Eurus 2 7 B P R I M E G G U F
bartowskiIntroduction
Eurus-2-7B-PRIME-GGUF is a text generation model available on Hugging Face. It employs various quantization formats to optimize performance and storage requirements, making it suitable for a range of hardware configurations. The model is licensed under Apache-2.0.
Architecture
The model utilizes llama.cpp, a library designed for efficient model quantization. The original model, Eurus-2-7B-PRIME, is modified using different quantization techniques, such as f16, Q8_0, Q6_K, and others, to cater to different performance and quality needs.
Training
Quantizations were performed using llama.cpp release b4404, with datasets crafted specifically for this purpose.
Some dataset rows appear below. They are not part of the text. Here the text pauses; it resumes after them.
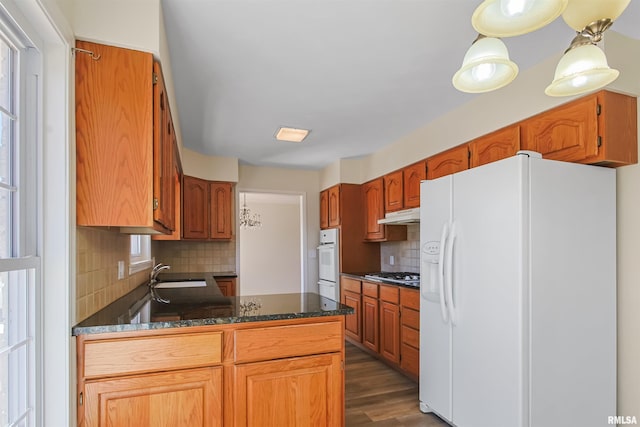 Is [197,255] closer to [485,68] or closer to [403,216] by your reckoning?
[403,216]

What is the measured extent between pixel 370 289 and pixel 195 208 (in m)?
2.37

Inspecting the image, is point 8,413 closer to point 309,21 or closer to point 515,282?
point 309,21

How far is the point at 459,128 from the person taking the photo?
306 centimetres

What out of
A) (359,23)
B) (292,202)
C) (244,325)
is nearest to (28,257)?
(244,325)

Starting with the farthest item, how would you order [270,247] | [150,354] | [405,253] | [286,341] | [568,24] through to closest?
[270,247] < [405,253] < [286,341] < [150,354] < [568,24]

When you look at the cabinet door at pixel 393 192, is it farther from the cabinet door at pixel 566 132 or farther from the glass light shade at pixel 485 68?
the glass light shade at pixel 485 68

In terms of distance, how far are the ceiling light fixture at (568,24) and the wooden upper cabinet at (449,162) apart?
5.28ft

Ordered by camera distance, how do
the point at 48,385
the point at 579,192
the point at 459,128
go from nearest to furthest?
the point at 48,385 < the point at 579,192 < the point at 459,128

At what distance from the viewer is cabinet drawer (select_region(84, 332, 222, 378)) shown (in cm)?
145

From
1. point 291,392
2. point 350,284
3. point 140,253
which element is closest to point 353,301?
point 350,284

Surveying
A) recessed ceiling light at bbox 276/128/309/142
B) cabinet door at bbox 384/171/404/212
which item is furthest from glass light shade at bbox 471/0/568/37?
cabinet door at bbox 384/171/404/212

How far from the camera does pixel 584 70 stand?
1.25 m

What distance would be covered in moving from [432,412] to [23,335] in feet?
8.41

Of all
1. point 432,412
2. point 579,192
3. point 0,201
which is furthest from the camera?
point 432,412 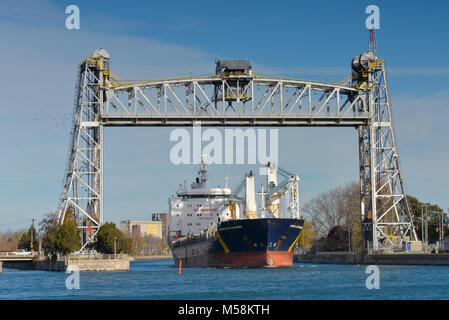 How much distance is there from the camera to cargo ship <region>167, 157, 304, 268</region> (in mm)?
74875

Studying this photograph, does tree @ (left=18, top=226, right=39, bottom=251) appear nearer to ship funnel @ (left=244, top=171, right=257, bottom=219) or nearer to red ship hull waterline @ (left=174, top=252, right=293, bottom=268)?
red ship hull waterline @ (left=174, top=252, right=293, bottom=268)

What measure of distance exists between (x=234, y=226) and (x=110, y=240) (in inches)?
499

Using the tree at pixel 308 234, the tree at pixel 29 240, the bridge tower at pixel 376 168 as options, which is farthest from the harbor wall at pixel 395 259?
the tree at pixel 29 240

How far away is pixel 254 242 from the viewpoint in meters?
74.7

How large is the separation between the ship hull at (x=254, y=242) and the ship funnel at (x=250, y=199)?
4393 millimetres

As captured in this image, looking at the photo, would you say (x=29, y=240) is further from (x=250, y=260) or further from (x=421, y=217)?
(x=421, y=217)

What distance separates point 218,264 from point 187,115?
15732mm

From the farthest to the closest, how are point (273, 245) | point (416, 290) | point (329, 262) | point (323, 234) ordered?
point (323, 234) < point (329, 262) < point (273, 245) < point (416, 290)

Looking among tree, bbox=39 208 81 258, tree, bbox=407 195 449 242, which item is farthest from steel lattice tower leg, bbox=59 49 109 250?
tree, bbox=407 195 449 242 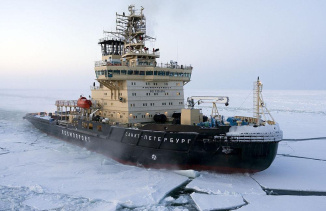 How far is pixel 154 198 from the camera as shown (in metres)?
12.3

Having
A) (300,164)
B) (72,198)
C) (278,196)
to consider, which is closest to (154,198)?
(72,198)

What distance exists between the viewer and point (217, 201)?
39.3 ft

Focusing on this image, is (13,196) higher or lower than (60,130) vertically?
lower

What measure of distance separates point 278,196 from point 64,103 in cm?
2493

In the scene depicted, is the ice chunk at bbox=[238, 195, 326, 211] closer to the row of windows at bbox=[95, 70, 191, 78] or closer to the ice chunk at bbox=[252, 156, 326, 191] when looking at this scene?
the ice chunk at bbox=[252, 156, 326, 191]

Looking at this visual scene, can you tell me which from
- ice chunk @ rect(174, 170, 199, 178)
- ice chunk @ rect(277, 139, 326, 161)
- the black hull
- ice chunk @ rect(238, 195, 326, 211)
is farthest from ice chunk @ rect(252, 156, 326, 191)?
ice chunk @ rect(174, 170, 199, 178)

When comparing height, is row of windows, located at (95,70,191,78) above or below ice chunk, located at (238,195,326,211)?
above

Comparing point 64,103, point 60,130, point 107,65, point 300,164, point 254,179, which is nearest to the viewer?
point 254,179

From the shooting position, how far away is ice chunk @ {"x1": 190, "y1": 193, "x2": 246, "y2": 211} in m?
11.5

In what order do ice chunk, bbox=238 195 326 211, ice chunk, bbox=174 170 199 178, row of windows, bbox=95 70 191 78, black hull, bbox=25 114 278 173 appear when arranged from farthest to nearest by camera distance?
row of windows, bbox=95 70 191 78 → ice chunk, bbox=174 170 199 178 → black hull, bbox=25 114 278 173 → ice chunk, bbox=238 195 326 211

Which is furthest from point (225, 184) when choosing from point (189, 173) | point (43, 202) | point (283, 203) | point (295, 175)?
point (43, 202)

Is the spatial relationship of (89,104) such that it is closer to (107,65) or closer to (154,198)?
(107,65)

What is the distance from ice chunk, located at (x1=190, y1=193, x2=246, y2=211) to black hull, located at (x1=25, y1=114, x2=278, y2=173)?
Answer: 2864 mm

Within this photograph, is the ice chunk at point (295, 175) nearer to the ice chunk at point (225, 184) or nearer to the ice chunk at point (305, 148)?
the ice chunk at point (225, 184) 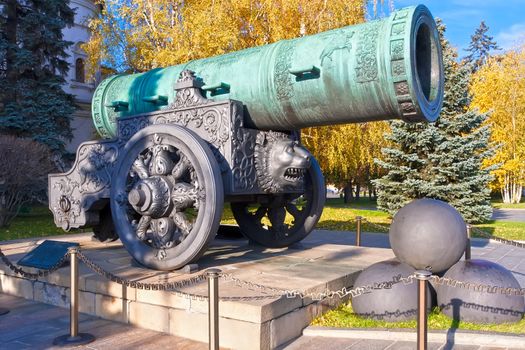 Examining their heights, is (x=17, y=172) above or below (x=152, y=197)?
above

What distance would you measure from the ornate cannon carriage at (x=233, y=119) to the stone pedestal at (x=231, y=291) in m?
0.43

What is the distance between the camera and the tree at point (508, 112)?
25547mm

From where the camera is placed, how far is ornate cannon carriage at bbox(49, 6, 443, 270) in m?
3.83

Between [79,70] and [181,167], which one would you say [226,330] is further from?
[79,70]

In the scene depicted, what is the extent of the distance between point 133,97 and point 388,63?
306 cm

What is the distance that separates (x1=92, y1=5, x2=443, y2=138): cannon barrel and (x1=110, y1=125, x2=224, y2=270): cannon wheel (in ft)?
2.18

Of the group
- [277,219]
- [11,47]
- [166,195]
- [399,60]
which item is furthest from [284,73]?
[11,47]

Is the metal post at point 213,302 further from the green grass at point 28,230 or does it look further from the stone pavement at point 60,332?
the green grass at point 28,230

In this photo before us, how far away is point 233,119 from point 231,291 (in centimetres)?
161

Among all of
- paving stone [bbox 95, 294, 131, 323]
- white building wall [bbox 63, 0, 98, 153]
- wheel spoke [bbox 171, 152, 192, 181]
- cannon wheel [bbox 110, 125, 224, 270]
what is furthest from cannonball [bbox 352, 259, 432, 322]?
white building wall [bbox 63, 0, 98, 153]

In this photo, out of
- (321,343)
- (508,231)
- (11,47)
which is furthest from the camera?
(11,47)

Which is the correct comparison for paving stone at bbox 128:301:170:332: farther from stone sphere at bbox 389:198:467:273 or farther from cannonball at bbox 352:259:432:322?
stone sphere at bbox 389:198:467:273

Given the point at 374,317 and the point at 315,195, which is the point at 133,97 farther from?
the point at 374,317

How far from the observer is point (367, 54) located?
3811mm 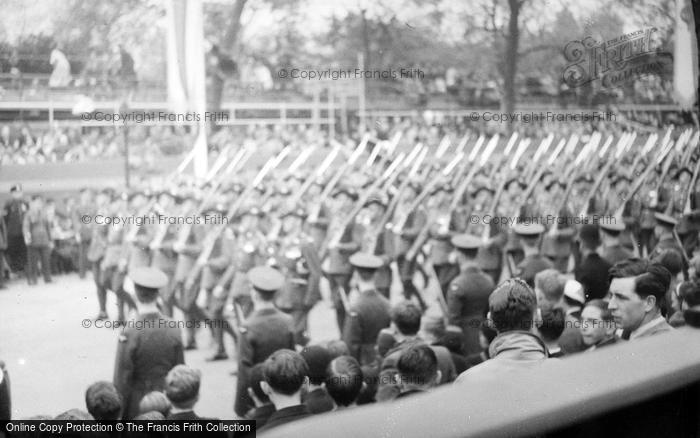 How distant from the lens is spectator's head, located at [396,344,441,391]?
Answer: 2859mm

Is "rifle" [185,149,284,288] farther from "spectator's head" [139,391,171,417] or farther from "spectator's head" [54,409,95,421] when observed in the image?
"spectator's head" [54,409,95,421]

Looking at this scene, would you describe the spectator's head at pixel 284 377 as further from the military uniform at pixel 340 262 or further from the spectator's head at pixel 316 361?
the military uniform at pixel 340 262

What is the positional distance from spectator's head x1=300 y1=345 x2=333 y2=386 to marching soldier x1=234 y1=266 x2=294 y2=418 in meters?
0.07

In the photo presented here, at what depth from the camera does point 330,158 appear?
3189 millimetres

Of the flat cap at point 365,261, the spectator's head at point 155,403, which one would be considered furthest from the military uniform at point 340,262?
the spectator's head at point 155,403

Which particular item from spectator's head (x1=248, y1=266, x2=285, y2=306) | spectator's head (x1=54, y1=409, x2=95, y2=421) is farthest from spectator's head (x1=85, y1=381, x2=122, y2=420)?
spectator's head (x1=248, y1=266, x2=285, y2=306)

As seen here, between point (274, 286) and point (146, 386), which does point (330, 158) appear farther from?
point (146, 386)

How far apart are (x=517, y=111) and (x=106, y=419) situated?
82.8 inches

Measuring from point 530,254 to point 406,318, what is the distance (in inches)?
27.9

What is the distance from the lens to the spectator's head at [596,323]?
137 inches

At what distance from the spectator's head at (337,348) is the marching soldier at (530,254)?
889 millimetres

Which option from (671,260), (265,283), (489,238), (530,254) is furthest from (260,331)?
(671,260)

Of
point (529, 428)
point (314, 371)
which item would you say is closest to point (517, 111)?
point (314, 371)

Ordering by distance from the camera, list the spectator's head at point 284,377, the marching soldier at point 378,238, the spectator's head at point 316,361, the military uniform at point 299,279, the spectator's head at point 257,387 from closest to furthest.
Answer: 1. the spectator's head at point 284,377
2. the spectator's head at point 257,387
3. the spectator's head at point 316,361
4. the military uniform at point 299,279
5. the marching soldier at point 378,238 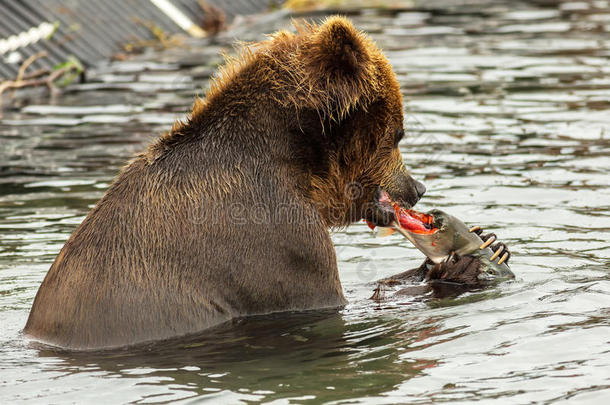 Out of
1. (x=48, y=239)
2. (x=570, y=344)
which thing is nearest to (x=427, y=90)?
(x=48, y=239)

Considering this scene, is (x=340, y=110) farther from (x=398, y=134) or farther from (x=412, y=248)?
(x=412, y=248)

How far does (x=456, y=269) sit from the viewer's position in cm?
839

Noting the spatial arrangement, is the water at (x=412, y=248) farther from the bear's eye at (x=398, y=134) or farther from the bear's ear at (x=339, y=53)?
the bear's ear at (x=339, y=53)

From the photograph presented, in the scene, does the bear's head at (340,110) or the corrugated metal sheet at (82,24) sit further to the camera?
the corrugated metal sheet at (82,24)

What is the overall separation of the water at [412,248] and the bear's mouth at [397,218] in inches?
22.3

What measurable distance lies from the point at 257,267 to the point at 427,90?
9838mm

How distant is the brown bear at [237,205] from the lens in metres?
6.86

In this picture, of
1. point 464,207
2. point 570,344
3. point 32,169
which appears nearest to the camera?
point 570,344

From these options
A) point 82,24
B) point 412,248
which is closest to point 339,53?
point 412,248

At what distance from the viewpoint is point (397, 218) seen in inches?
326

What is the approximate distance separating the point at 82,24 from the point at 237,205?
13830 mm

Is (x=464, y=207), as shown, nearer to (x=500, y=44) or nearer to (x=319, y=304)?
(x=319, y=304)

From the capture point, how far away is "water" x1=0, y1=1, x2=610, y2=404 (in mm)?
6320

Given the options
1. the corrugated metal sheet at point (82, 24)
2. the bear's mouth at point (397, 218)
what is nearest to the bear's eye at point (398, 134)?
the bear's mouth at point (397, 218) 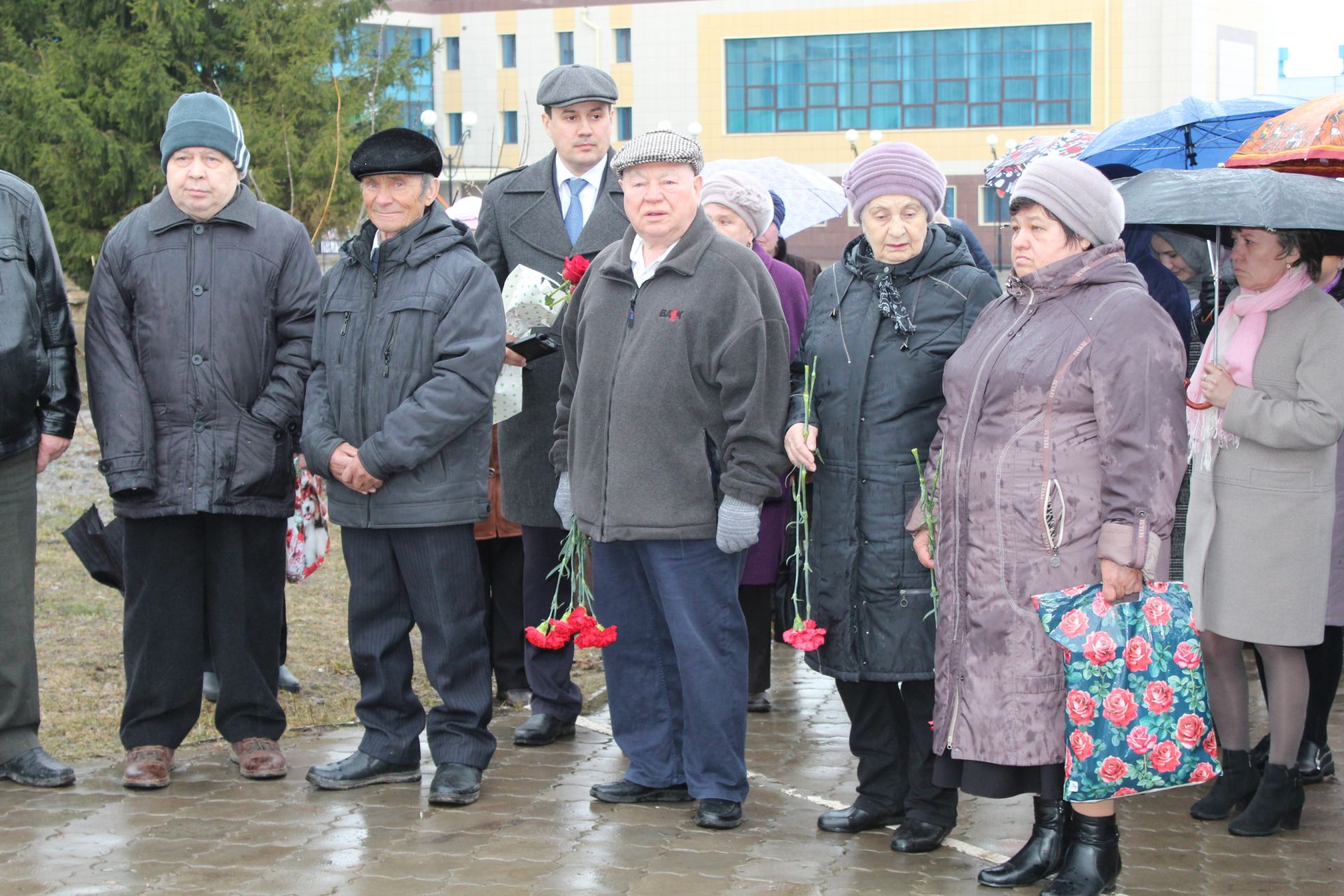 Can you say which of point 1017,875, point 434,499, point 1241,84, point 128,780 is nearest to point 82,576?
point 128,780

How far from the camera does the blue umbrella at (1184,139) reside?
693 centimetres

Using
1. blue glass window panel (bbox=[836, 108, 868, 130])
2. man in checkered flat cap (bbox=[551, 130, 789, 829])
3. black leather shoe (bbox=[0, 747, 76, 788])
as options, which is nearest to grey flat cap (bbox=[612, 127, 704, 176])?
man in checkered flat cap (bbox=[551, 130, 789, 829])

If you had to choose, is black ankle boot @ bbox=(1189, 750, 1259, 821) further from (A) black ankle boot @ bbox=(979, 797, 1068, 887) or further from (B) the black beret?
(B) the black beret

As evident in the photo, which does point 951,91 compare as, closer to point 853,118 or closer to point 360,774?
point 853,118

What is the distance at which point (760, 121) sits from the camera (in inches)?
2267

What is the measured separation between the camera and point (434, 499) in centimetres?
488

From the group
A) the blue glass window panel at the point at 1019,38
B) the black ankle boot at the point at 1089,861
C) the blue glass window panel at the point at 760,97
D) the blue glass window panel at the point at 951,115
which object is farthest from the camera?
the blue glass window panel at the point at 760,97

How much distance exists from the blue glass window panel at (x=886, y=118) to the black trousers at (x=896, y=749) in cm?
5311

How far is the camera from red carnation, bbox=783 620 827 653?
14.0ft

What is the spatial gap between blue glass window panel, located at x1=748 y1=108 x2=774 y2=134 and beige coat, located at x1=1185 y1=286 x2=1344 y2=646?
177ft

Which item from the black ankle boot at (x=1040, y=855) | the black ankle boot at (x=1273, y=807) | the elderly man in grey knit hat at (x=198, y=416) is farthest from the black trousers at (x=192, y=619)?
the black ankle boot at (x=1273, y=807)

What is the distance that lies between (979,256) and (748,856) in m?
2.71

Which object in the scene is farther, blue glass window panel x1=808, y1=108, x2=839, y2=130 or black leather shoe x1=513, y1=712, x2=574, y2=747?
blue glass window panel x1=808, y1=108, x2=839, y2=130

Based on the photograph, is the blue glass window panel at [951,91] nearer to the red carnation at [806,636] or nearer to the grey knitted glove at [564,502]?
the grey knitted glove at [564,502] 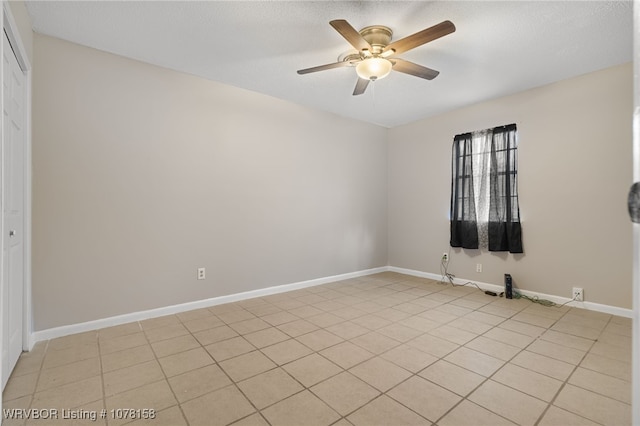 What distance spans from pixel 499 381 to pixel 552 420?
0.36 metres

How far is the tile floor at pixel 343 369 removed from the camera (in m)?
1.64

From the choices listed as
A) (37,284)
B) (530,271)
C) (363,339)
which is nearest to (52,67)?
(37,284)

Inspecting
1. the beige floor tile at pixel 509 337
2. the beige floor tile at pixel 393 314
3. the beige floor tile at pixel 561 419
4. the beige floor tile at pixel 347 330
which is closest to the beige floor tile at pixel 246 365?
the beige floor tile at pixel 347 330

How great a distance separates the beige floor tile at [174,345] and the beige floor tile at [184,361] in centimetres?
7

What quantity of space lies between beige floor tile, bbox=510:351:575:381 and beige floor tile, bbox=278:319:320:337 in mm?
1597

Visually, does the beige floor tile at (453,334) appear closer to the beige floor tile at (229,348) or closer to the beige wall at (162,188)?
the beige floor tile at (229,348)

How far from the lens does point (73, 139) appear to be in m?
2.66

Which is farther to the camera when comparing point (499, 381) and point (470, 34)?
point (470, 34)

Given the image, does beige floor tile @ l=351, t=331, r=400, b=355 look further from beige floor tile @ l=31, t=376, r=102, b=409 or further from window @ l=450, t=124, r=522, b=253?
window @ l=450, t=124, r=522, b=253

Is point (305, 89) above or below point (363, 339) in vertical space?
above

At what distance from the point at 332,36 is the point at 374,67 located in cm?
46

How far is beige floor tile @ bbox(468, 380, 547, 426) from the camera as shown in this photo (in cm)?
160

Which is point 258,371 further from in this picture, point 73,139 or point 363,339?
point 73,139

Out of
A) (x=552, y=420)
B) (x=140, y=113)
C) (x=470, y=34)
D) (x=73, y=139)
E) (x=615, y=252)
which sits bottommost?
(x=552, y=420) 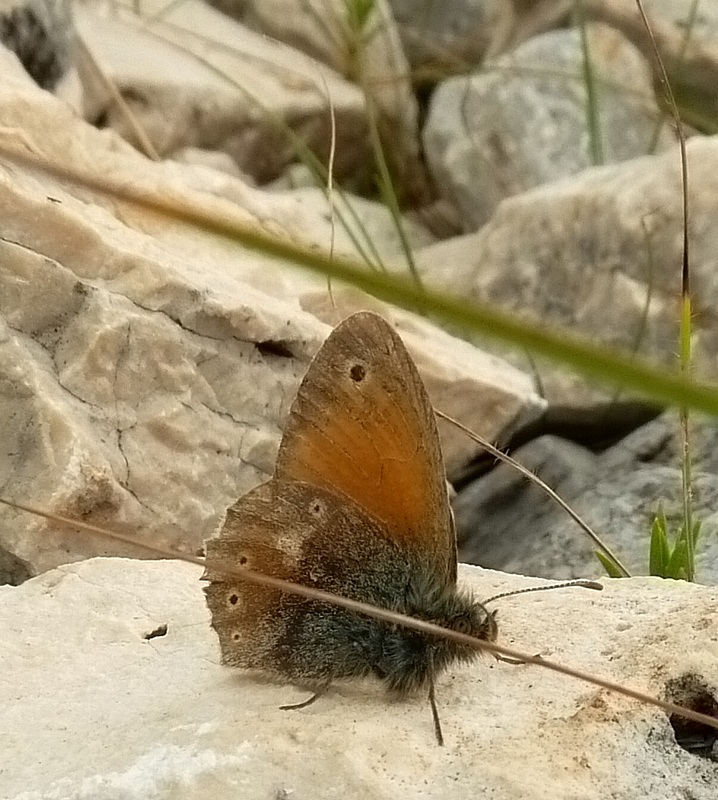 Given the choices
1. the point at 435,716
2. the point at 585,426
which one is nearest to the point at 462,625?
the point at 435,716

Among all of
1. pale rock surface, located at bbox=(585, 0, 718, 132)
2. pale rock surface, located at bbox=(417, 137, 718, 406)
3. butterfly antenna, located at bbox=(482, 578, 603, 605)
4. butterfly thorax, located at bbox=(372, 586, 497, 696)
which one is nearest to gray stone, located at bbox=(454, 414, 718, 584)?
pale rock surface, located at bbox=(417, 137, 718, 406)

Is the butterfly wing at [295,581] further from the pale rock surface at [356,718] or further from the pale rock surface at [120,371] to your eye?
the pale rock surface at [120,371]

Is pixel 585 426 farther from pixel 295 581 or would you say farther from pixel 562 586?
pixel 295 581

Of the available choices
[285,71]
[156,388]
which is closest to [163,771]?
[156,388]

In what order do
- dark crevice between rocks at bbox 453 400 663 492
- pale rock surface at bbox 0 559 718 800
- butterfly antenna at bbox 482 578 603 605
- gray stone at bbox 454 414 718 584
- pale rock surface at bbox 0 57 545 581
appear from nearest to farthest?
pale rock surface at bbox 0 559 718 800
butterfly antenna at bbox 482 578 603 605
pale rock surface at bbox 0 57 545 581
gray stone at bbox 454 414 718 584
dark crevice between rocks at bbox 453 400 663 492

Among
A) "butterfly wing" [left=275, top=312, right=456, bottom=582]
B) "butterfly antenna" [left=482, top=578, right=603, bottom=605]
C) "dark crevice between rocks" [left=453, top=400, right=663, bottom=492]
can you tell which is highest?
"butterfly wing" [left=275, top=312, right=456, bottom=582]

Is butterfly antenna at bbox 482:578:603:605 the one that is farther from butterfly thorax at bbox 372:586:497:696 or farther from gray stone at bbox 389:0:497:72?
gray stone at bbox 389:0:497:72

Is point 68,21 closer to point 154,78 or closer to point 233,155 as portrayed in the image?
point 154,78

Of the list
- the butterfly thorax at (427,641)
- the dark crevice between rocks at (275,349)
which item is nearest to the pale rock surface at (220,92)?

The model supports various quantization formats, each providing different trade-offs between quality and resource requirements.
Guide: Running Locally
- Install Hugging Face CLI:
pip install -U "huggingface_hub[cli]"
- Download Model:
Use the Hugging Face CLI to download the desired quantized model file:huggingface-cli download bartowski/Eurus-2-7B-PRIME-GGUF --include "Eurus-2-7B-PRIME-Q4_K_M.gguf" --local-dir ./
- Select Quantization:
Choose a quantization format that fits your hardware's RAM and VRAM capabilities. For high performance, select a file size smaller than your GPU's VRAM. - Run Locally:
Run the model using compatible backend libraries like cuBLAS for Nvidia GPUs or rocBLAS for AMD GPUs.
Cloud GPUs: Consider using cloud services with powerful GPUs to handle larger models and ensure fast inference times.
License
The model is released under the Apache-2.0 license, allowing for wide usage and distribution while ensuring compliance with open-source standards.